### Records supplied
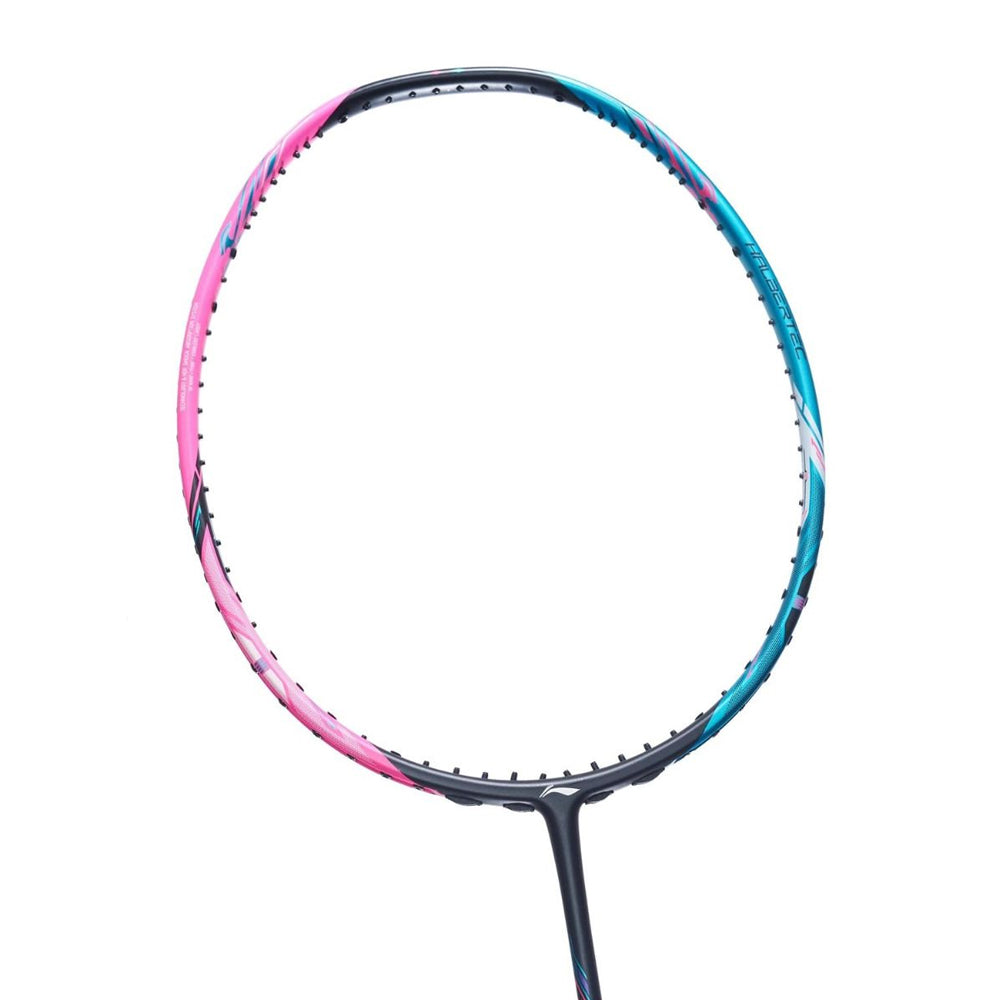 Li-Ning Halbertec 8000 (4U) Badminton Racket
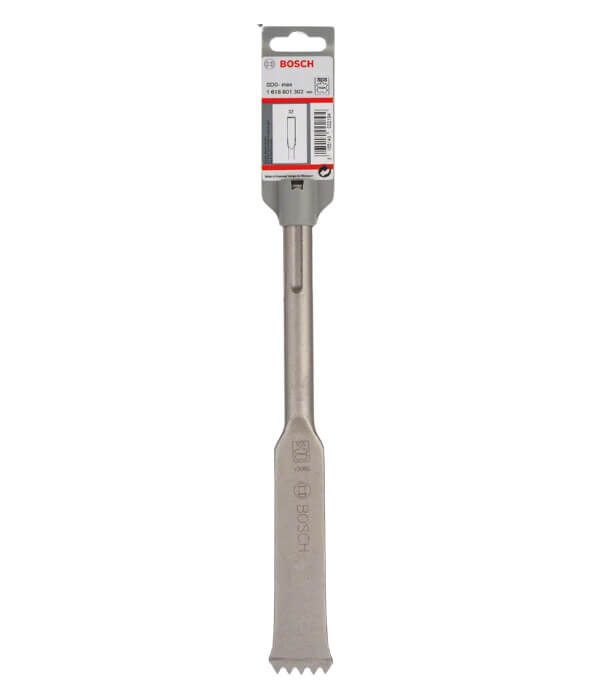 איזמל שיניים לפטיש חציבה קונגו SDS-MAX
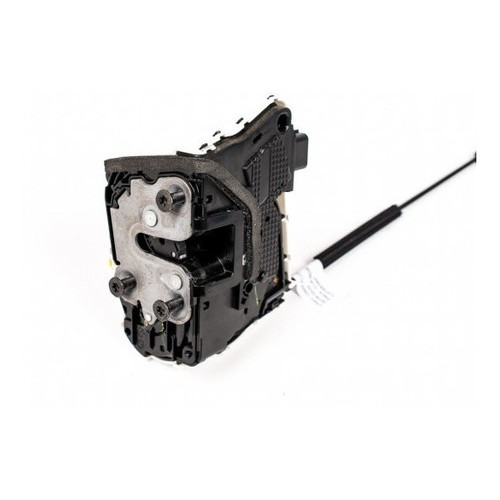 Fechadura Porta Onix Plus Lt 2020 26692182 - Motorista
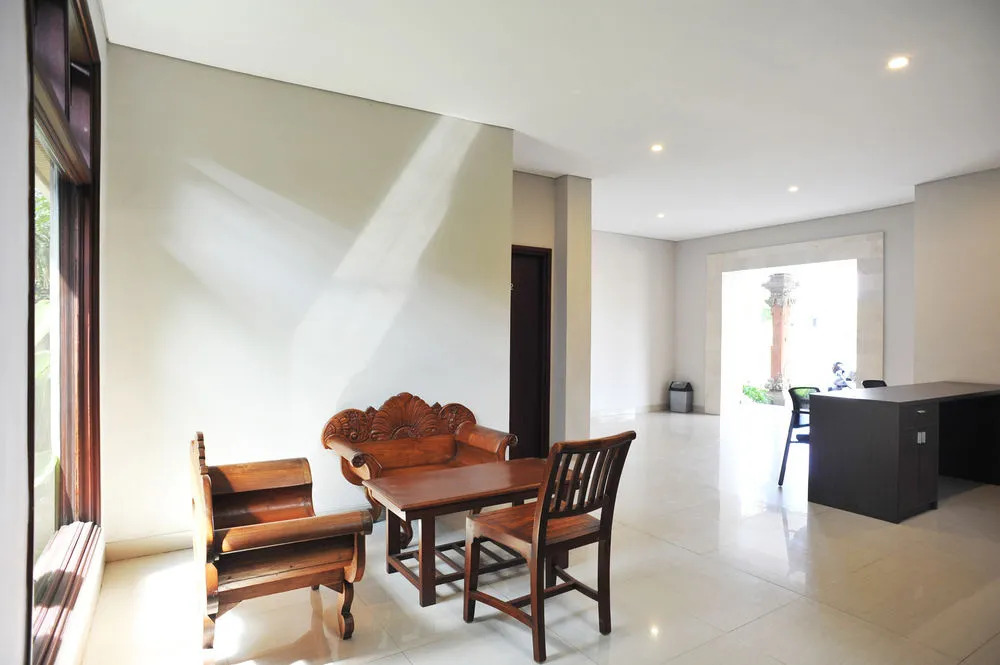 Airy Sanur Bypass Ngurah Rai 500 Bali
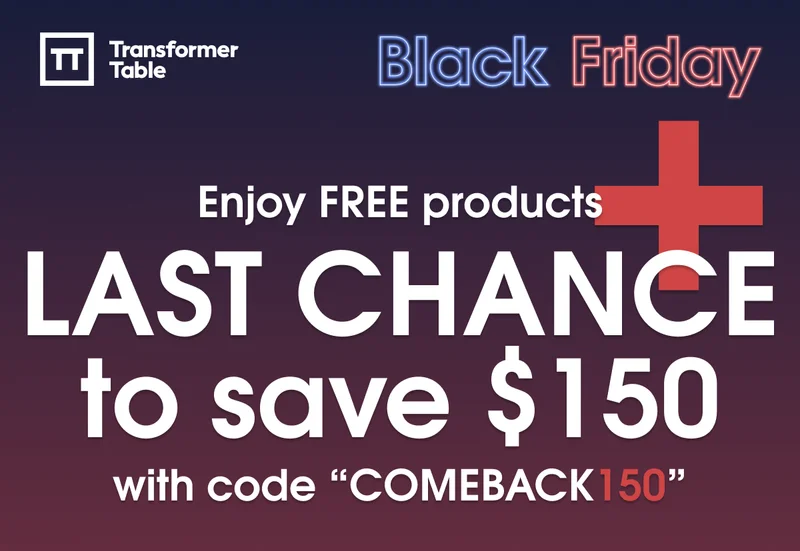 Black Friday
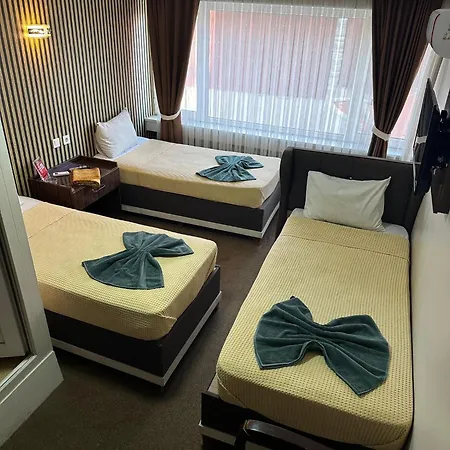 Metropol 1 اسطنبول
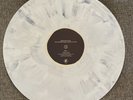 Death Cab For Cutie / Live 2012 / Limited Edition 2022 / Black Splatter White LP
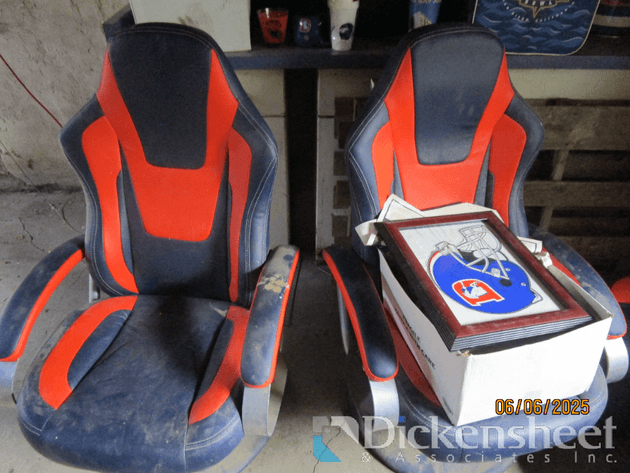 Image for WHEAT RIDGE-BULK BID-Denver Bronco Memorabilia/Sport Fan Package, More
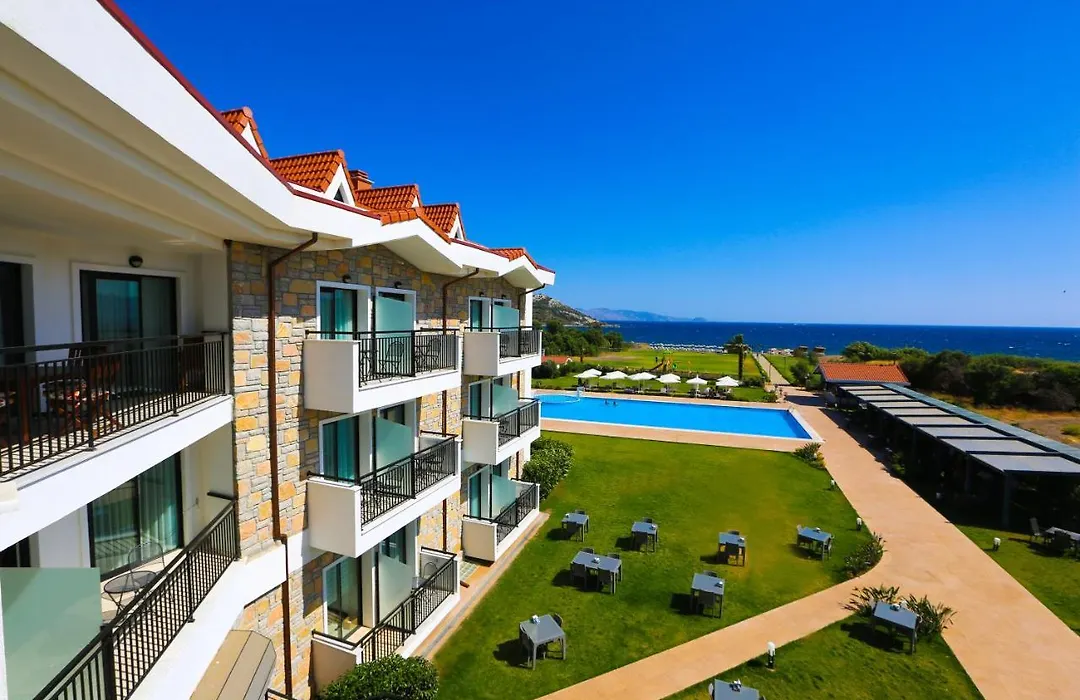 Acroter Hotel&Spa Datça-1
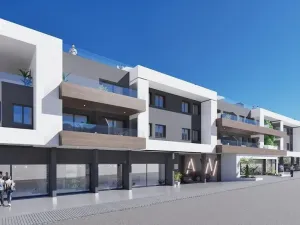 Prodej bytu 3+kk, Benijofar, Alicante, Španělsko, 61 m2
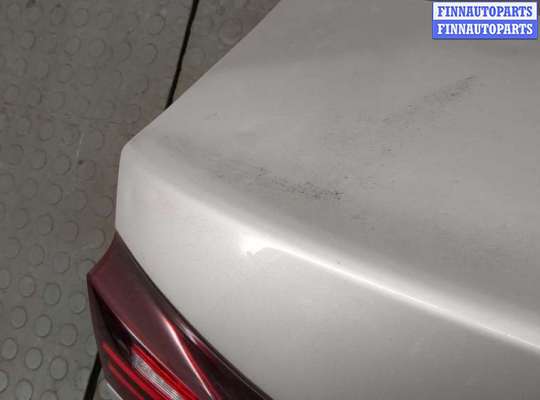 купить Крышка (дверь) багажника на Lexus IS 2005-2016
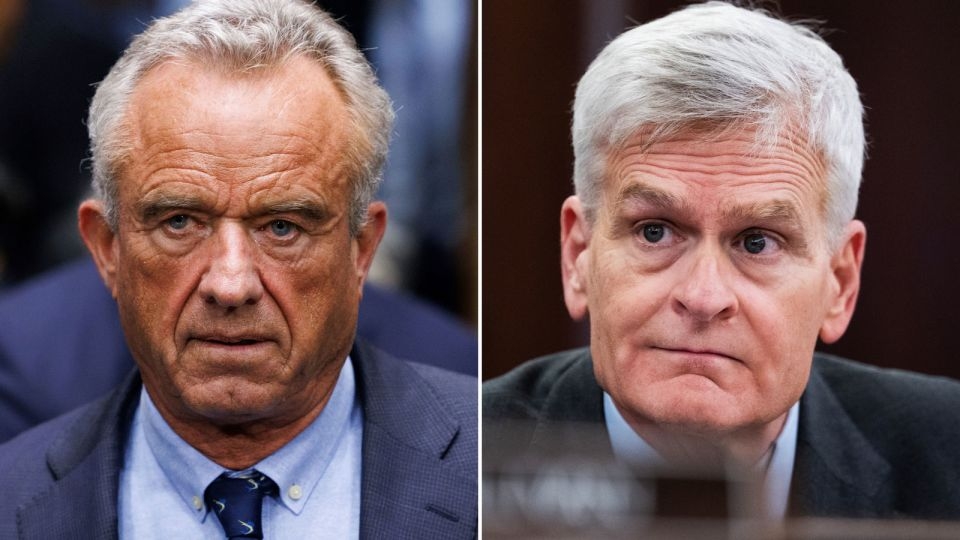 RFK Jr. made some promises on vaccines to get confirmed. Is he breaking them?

### What needs to be done
Verbatim, write out the line containing "Acroter Hotel&Spa Datça-1" and all later lines through the end of the records, leaving every picture out.

### Exercise result
 Acroter Hotel&Spa Datça-1
 Prodej bytu 3+kk, Benijofar, Alicante, Španělsko, 61 m2
 купить Крышка (дверь) багажника на Lexus IS 2005-2016
 RFK Jr. made some promises on vaccines to get confirmed. Is he breaking them?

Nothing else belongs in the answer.